Saturday, November 12, 2016

Finding a Path 2016.11.12

I haven't blogged here in a long time. Here's some info about a project I've been working on.

Recently I've been toying with Google's Tensorflow python library. I've written an op for the cpu and the gpu. The op, of course, is a modified version of the Dijkstra algorithm. The funny thing is that the cpu version works faster than the gpu version. There seems to be a long overhead time, something like 7 seconds, before a gpu op begins to work. There is also a size restriction. My op works on grids. On the cpu version I can use a large grid. I've tried 480x480. On the gpu the op fails if the grid is larger than 70x70. What do I come away with? Well, I enjoyed doing the gpu version, but the cpu version ends up being superior.

So, the code is here:

I also use pygame to construct my gui for testing with real png images.

Thursday, July 28, 2016

awesome-audio-cnn 'brain' file

In the last post I mentioned that I was making public a github project that I've been working on. The project is called 'awesome-audio-cnn' and it uses a neural network to select music for automatic playback on a simple server. The project '' file suggests that you train your own neural network file for the server. On reflection I thought this was too difficult.

I have included in the git repository (mentioned in my last post) a file for operating the neural network that is at the heart of the awesome-audio-cnn project.

The file is 23.9M in size, so it will take a long time to download. What this means is that you don't need to train the neural network yourself. It allows you to get a faster start up. I should note that the file was developed at my location, on my audio collection. It may not act as you expect on your files. There is no provision, incidentally, for comparisons on the basis of tempo. The songs you get out of this neural net will not be the same with respect to tempo.

The inclusion of this file may mean that some with slow internet connection or limited disk space cannot use this project.

That said, someone with time on their hands might enjoy setting up this kind of server. The info in the file is provided on an 'as is' basis, without warranties or conditions of any kind.

The file is called 'fp-test.bin' and it is located in a folder called 'acnn-brain', for lack of a better title.

Instructions for awesome-audio-cnn

I recently made public a github repository I was working on called 'awesome-audio-cnn'. The code for the project is at github at . Below are the instructions that go with the project.

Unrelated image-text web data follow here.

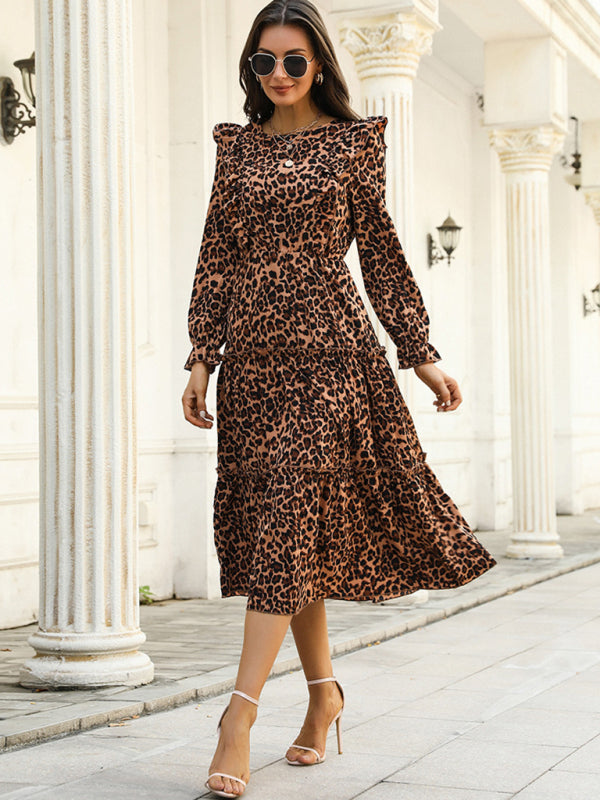 Leopard print ruffle long-sleeved mid-length dress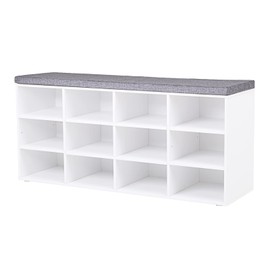 DINZI LVJ Shoe Storage Bench with Cushion, Cubby Shoe Rack with 12 Cubbies, Adjustable Shelves, Multifunctional Shoe Organizer Bench for Entryway, Mudroom, Hallway, Closet and Garage, White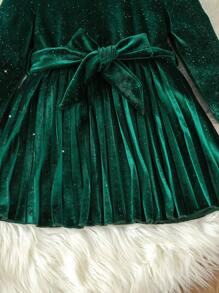 SHEIN Glamorique Kids 女嬰泡泡袖腰帶亮片洋裝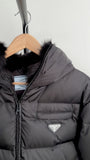 Prada Re Nylon Black Shearling Lined Hooded Down Parka Jacket - XS / 36 / 2 / 4
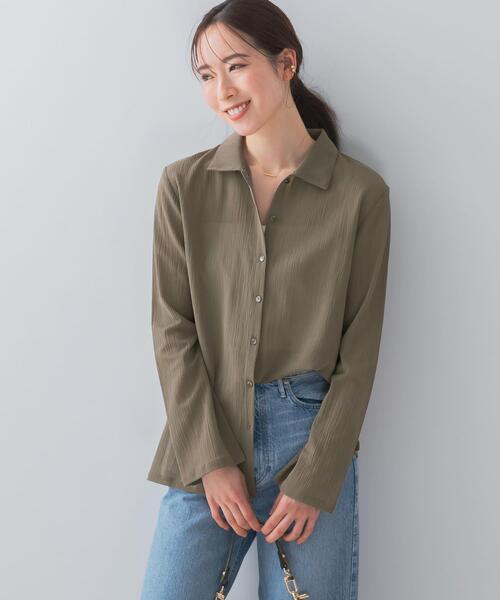 F by ROSSO(エフバイロッソ)の「F by ROSSO 楊柳シアーシャツ(シャツ/ブラウス・レディース・ピンクベージュ/グレー/イエロー・FREE)」の1枚目の写真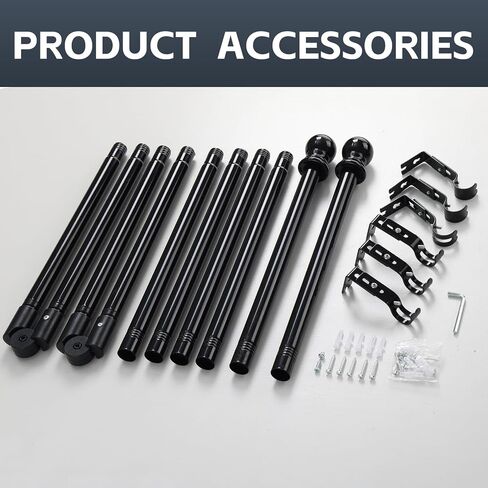 1 Inch Bay Window Curtain Rods 32-96 Inch Retractable Metal Corner Curtain Rods for Blackout Curtains with Wall Mount Black Round Finials in Kuwait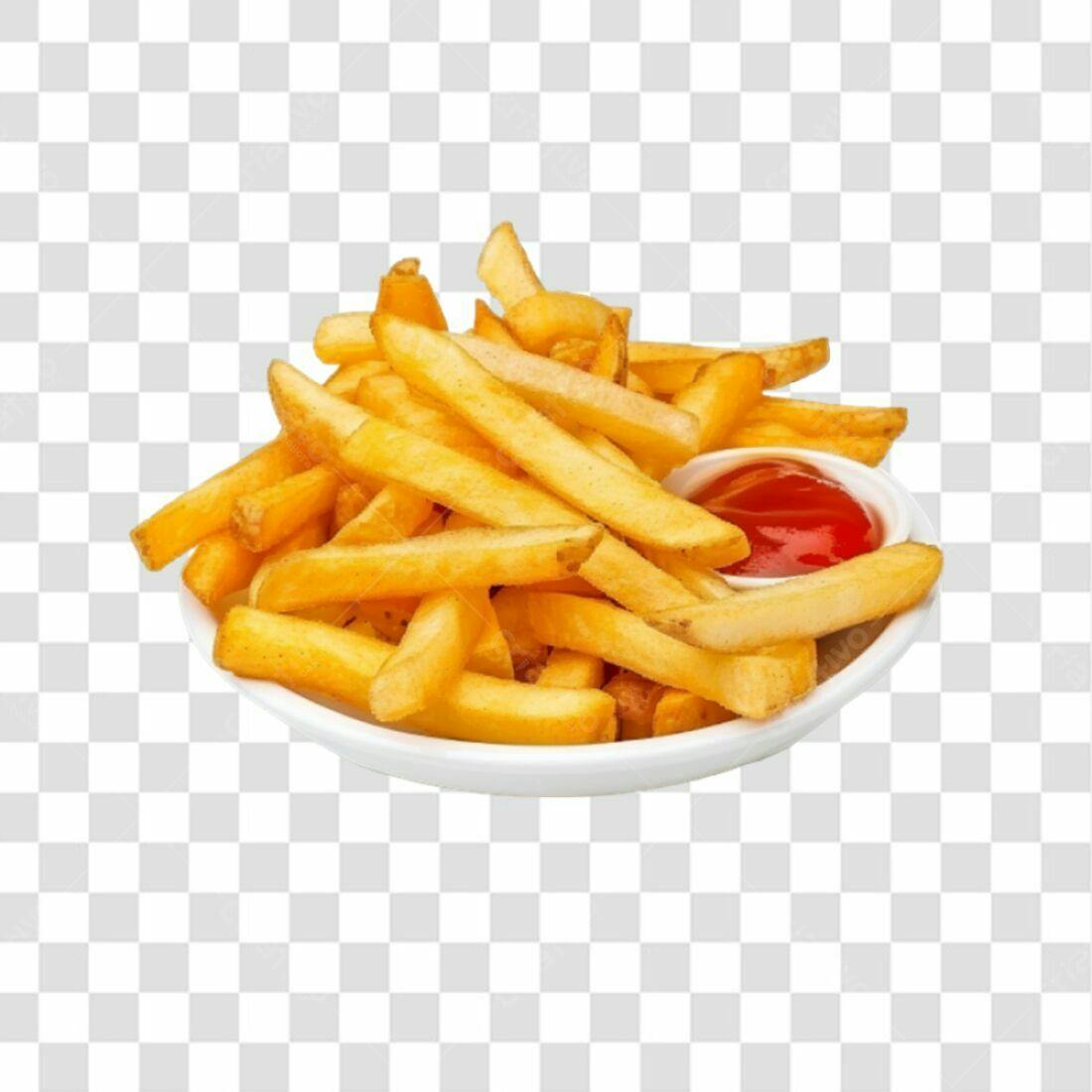 Imagem Batata Frita com Ketchup PNG com fundo transparente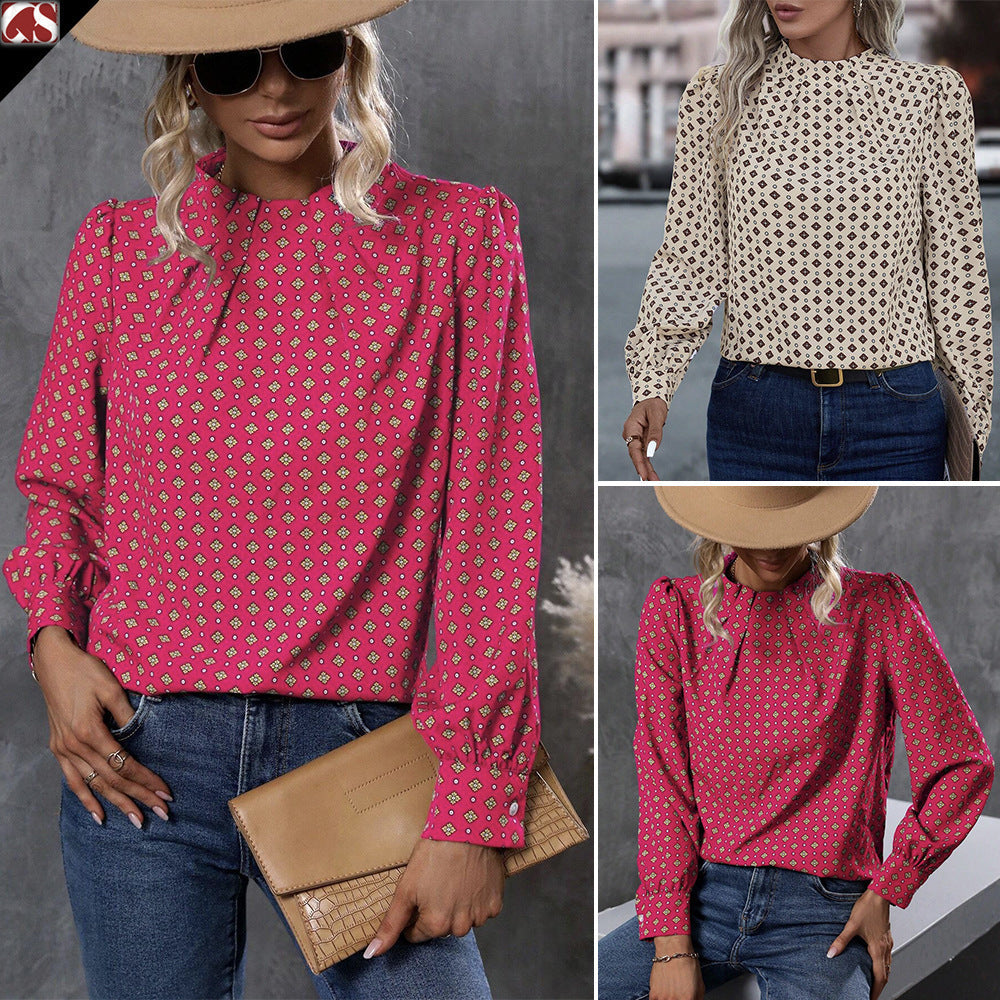 Half Turtleneck Pullover Long Sleeve Printed Temperament Shirt Limorista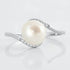 Pave CZ Pearl Sterling Silver Wave Ring, Elegant Curved Design, Dainty Promise or Engagement Ring for Women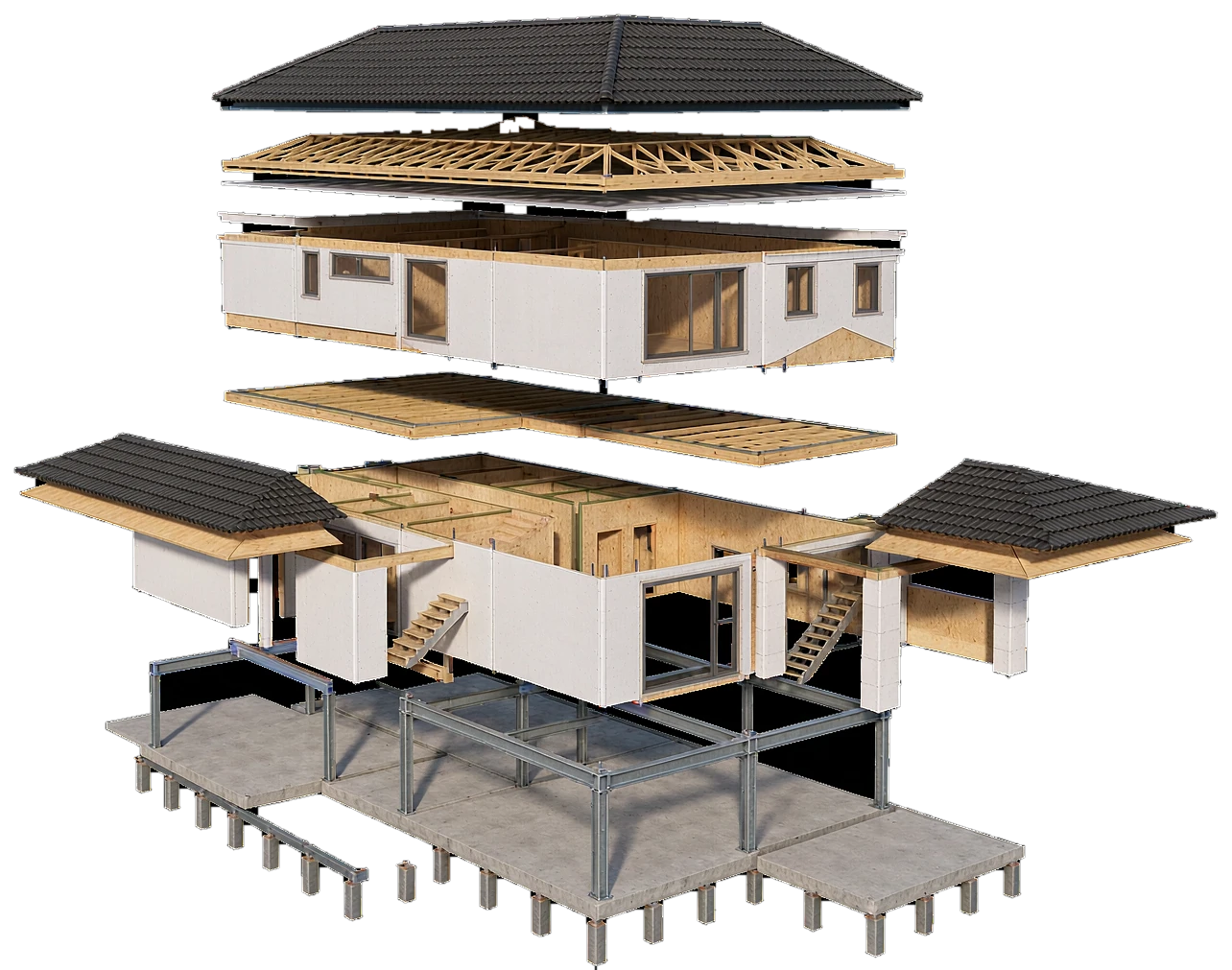 Exploded view of the complete kit: roof tiles, battens and membrane above timber trusses, wall panels with windows, floor panels, prefabricated stair modules, porch columns, a galvanised steel frame, concrete slab and foundation piles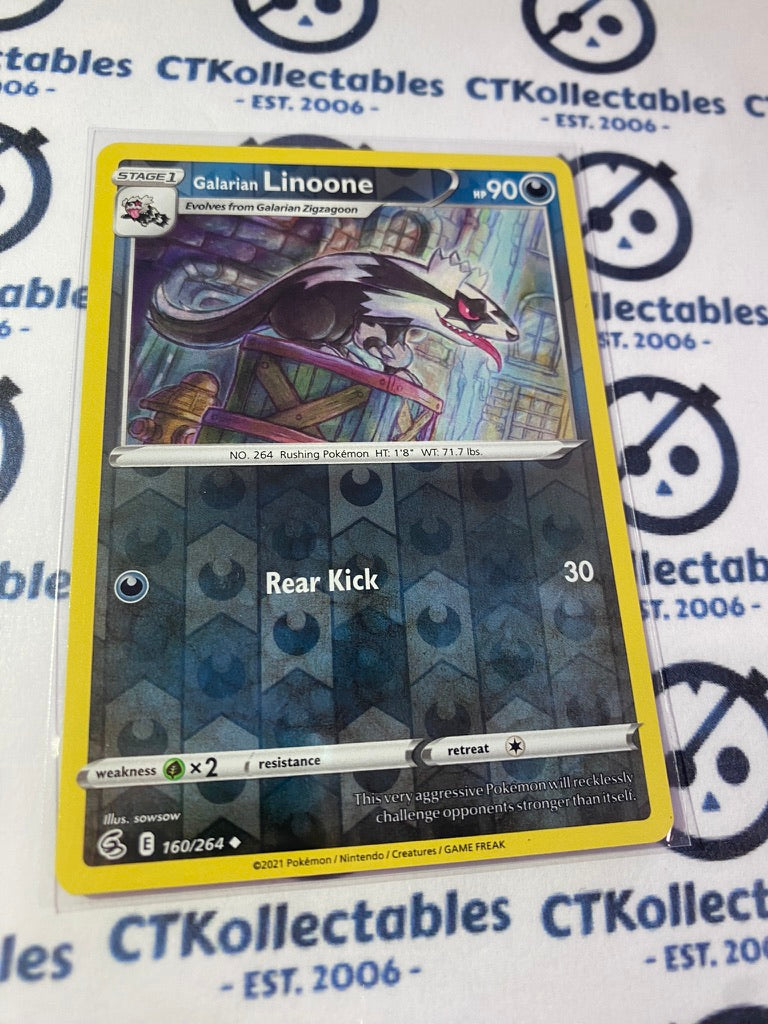 Galarian Linoone Reverse Holo #160/264 2021 Sword & Shield Fusion Strike Pokemon Card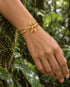 Pulsera Cattleya Abierta dorada artesanal | Alas de Zafiro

This is a complex project. There are several steps required for a full implementation of this project. Some of the steps require resources not available to everyone. The ultimate goal is the implementation of a music server that employs a neural network to help it select which songs to play. It might be possible to implement only part of the project and render for the user a server that plays music, but without the neural network, to play selected albums in their entirety. This latter option has not been explored in this document. Finally, this project pre-supposes that the user is serving up their own music in their own house. The project is not for any sort of distribution of music, and is scaled to operate with a small library of personal selections.
  1. Arrange your music in the predetermined format. Music for this project must be in the mp3 format and must be arranged in the following manner. All songs are sorted by album and are stored in folders with the artist and album title as the folder's name. These album folders are all stored in a single larger folder, usually called 'Music' or 'music'. There is generally a jpg image in each folder for the album's cover image. This file is called 'cover.jpg'. Song files that are simply dropped in the 'Music' folder without an album directory will not be recognized. Furthermore all mp3 songs should be tagged using the id3 tag system. Good tools for using mp3 files are: picard, soundjuicer, and soundconverter.
  2. Download the sources for the server project. The project is currenly hosted on github and is called awesome-audio-cnn. Make a folder in your work area (or 'workspace' in eclipse terminology) for your neural network training data. You will use this folder later. For example, mine is at ~/workspace/ACNN/.
  3. Install the necessary supporting software. This may include, but may not be limited to, java8, libchromaprint-tools, tomcat8, activemq, and maven. For an IDE the developer used the Intellij IDEA Community Eddition. The IDE is used for syntax verification, and the mvn command line tools are actually used for building the project.
  4. Build the server and the desktop versions of the project. You can use the command ./ /path/to/Music to set up the xml files in the project repository. You can also mount the music directory at the location /mnt/acnn/Music/ and leave the shell script unused. This mounting can be accomplished by modifying your fstab file. Use the command ./ to see if your build environment is up to date. If the second script works you will have two files in your awesome-audio-cnn folder, one, the war file, called audio.war, and the other one called acnn-desktop.jar, the jar file.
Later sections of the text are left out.